The RAD Pole Camp in Greece was very well organized. The hotel is beautiful, clean, and modern. Anyway, the most important thing is that the sun is shining and that there is a pool, am I right? I have taken a lot from the workshops, and I especially liked the free afternoon activities such as calisthenics, Acrobatics, Dance Flow, or stretching with Marion Crampe (WHAT?). Here are a few more insights that I have gained from the camp:

 

  • I am very glad that I went on my own, as I got to know more people this way
  • Sometimes you need to find the courage to share a room with a stranger – Hello, Sinem, my new Sister from another Mister :)
  • Greek food is great, but not suited for diets

Yet, the best part of the Pole Camp was the fact that got to know so many amazing Pole dancers.

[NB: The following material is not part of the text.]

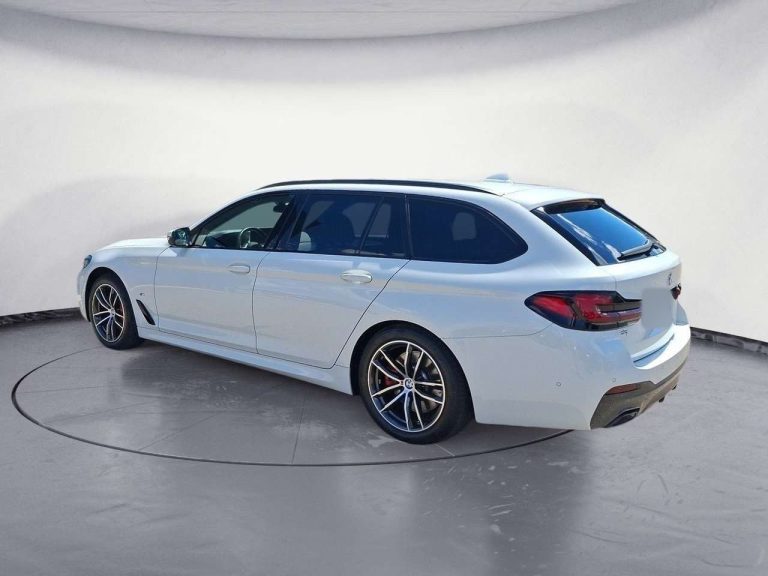 BMW Série 5 520d Touring M Sport Pro - photo 2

It is interesting to hear how others structure their Pole training or how other Pole Studios are organized. Every conversation was an enriching experience. The exchange with other Pole Dancers and the workshops helped me to put my own Pole training back into perspective and to remember my Pole roots.

As a Pole dancer, an instructor, a blogger, I often feel, consciously or unconsciously, a great pressure. And I know that many of you feel this way. Almost every Pole dancer who gets asked how long they are Pole Dancing for apologizes in the same breath that they are not as good as they could/should be. I have to include myself here. I often feel the pressure that I am not strong or flexible enough. That my Instagram videos are not clean or creative enough. I am afraid that my classes are not interesting enough. When I visited the workshops of Maddie Sparkle, Michelle Shimmy, and Marlo Fisken, when I talked to the other camp participants, I realized that I had a rather tense attitude towards the Pole. I feel in a position where I have to constantly deliver and where it is never enough.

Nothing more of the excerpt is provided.